Posted by Callan Bentley

Just wanted to call your attention to two new maps showing GPS displacement vectors from Japan. (Barry left links to these images in a comment yesterday.) These images are hosted on the website of the Geospatial Information Authority of Japan, and though I can’t read the Japanese to verify their authorship, I presume that agency produced them as well. They are easier to read than the one I posted on Saturday morning, and they include additional information about the vertical component of displacement.

Horizontal motion between March 1 at 11pm and March 11 at 3pm:

The biggest one shows a maximum displacement of 4.4 m! And this, keep in mind, is on the land-based receivers on Honshu. (Of course, there would be more displacement on the seafloor closer to the epicenter, but we don’t have GPS receivers mounted there. If this is your first time looking at one of these maps, let me point out that the arrows are not drawn at the same scale as the underlying map. A scale for the base map is in the upper left, and a separate scale for the GPS-measured displacement vectors is in the lower right.

Here’s vertical displacement between March 1 at 11pm and March 11 at 3pm:

At first, I found it surprising that the land dropped in elevation, in some places by as much as 75 cm (~2.5 feet) as a result of the quake. Initially, I would have guessed it would increase in elevation instead, since northern Honshu is climbing up relative to the subducting Pacific Plate beneath it. Upon reflection, however, what I think was happening is that the crust beneath Honshu was flexing upward as stress built up on the fault (i.e., before the earthquake), then at the moment of slip, this “arched” crust of Honshu relaxed back into a wider, lower configuration.

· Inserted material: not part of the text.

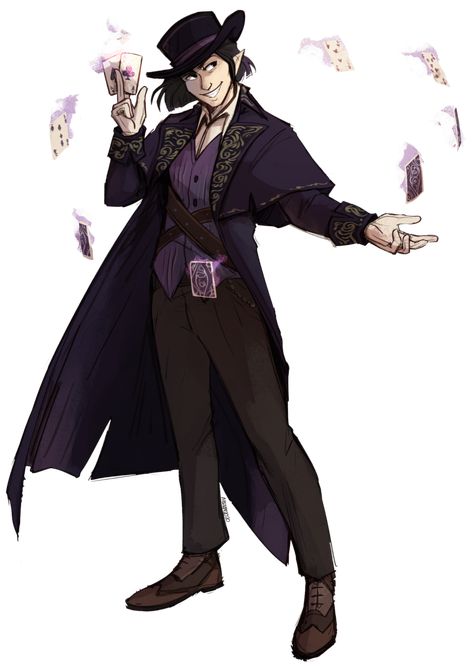 Cardslinger - Sorcerous Origin for D&D 5e - Tribality D&d Sorcerer, Gambler Oc, Gambler Character Design, Dnd Gambler, Dnd Sorcerer Art, Sorcerous Origin, Anime Campaign, Dark Jester, Sorcerer Dnd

That’s also the interpretation presented by this video, which I highly recommend watching if you haven’t already.

[youtube=http://www.youtube.com/watch?v=RVaDXsqLUtI]

 

That also would explain some of the lingering flood effects shown in these before/after satellite images of the coast of Sendai: the shore is lower than it was before the quake!

The Sendai Supersite shows a plot of displacement as measured in the vertical dimension, latitude, and longitude, for a GPS measurement station at Mizusawa, a city north of Sendai on Honshu. According to the description on that web page, this is work done by a graduate student named Simon Banville at the University of New Brunswick.  Please consult the Supersite for a full list of credits for this work, including information sources. I’ve redrawn his figure (to make it display better in this space) here:

The vertical axis of the plot shows displacement in meters (1 m = 3.28 feet). The horizontal axis shows the passage of time. For Mizusawa, the action starts at 5:48 and ~20 seconds GPS time. Overall, the plot shows the station moving 3.5 meters (11.5 feet) to the east-southeast during the first minute of shaking, and then shifting back a bit, ultimately coming to rest at a final position 2.3 meters (7.6 feet) east-southeast from its pre-earthquake location. This adjustment takes about two minutes, during which waves with amplitudes approaching a quarter of a meter (~9 inches) roll through.

So Mizusawa ends up ~10 cm lower in elevation as a result of this event. I wonder what a similar plot would look like for Sendai itself, given those -75 cm vertical displacement vectors on the coast…

I’m grateful for scientific agencies and geology departments like the Japanese Geospatial Authority and the University of New Brunswick for sharing this information with the world via the Internet immediately after a big event like this. It helps the rest of us immeasurably in coming to terms with the magnitude of the event.

What are your thoughts on these displacements?